§ Available records:
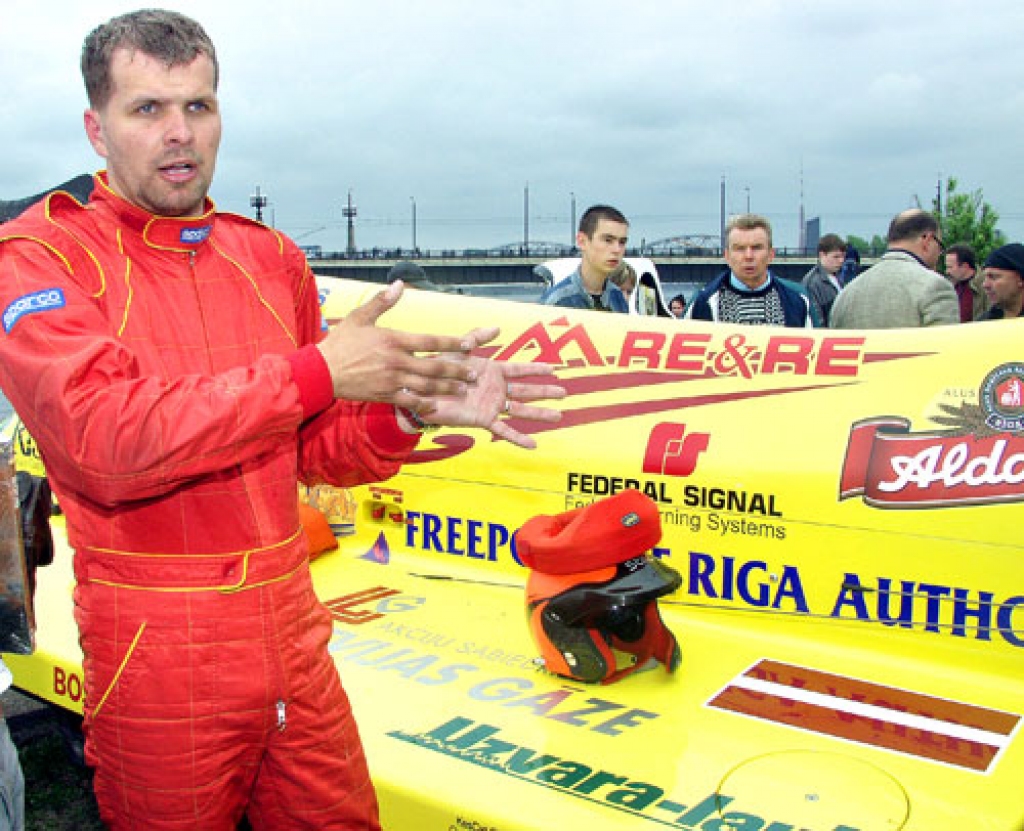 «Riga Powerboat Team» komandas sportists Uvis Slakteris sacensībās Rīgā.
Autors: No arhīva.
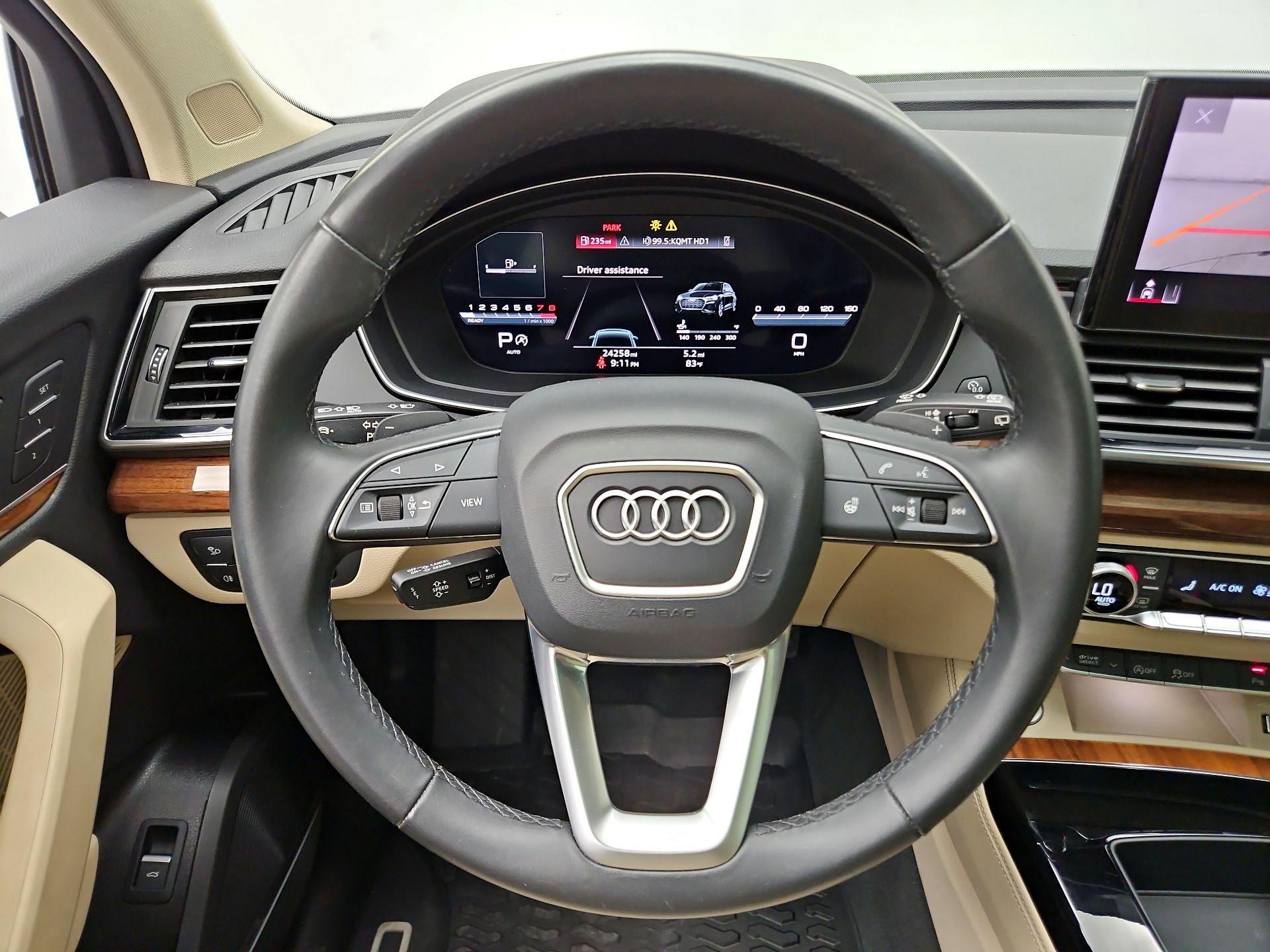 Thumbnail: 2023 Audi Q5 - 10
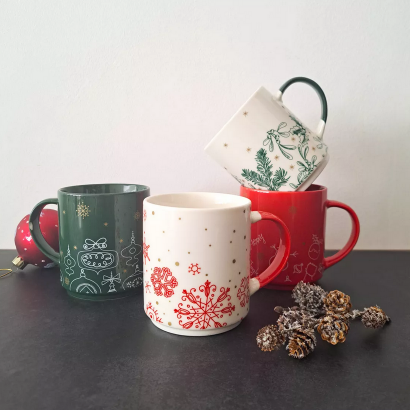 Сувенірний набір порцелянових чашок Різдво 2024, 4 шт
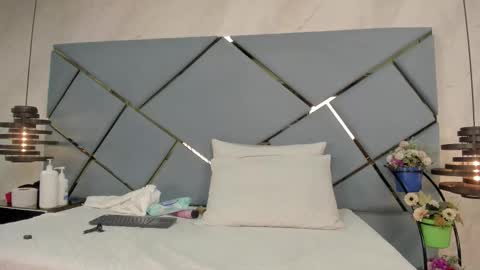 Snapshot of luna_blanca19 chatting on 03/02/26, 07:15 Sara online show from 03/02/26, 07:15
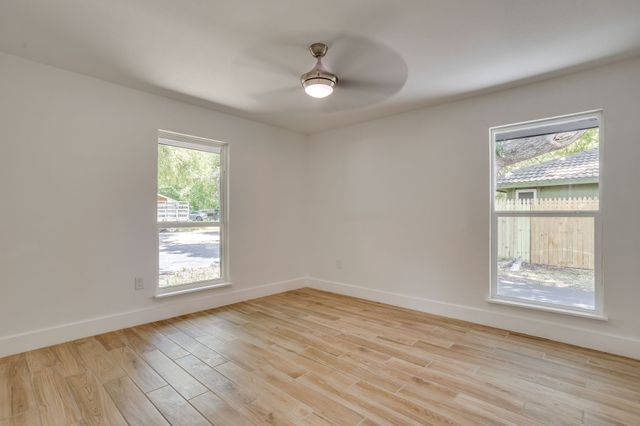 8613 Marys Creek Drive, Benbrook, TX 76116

§ How to complete this task:
When copying the entries above, keep each word as it is and exclude any image.

§ Expected output:
 «Riga Powerboat Team» komandas sportists Uvis Slakteris sacensībās Rīgā.
Autors: No arhīva.
 Thumbnail: 2023 Audi Q5 - 10
 Сувенірний набір порцелянових чашок Різдво 2024, 4 шт
 Snapshot of luna_blanca19 chatting on 03/02/26, 07:15 Sara online show from 03/02/26, 07:15
 8613 Marys Creek Drive, Benbrook, TX 76116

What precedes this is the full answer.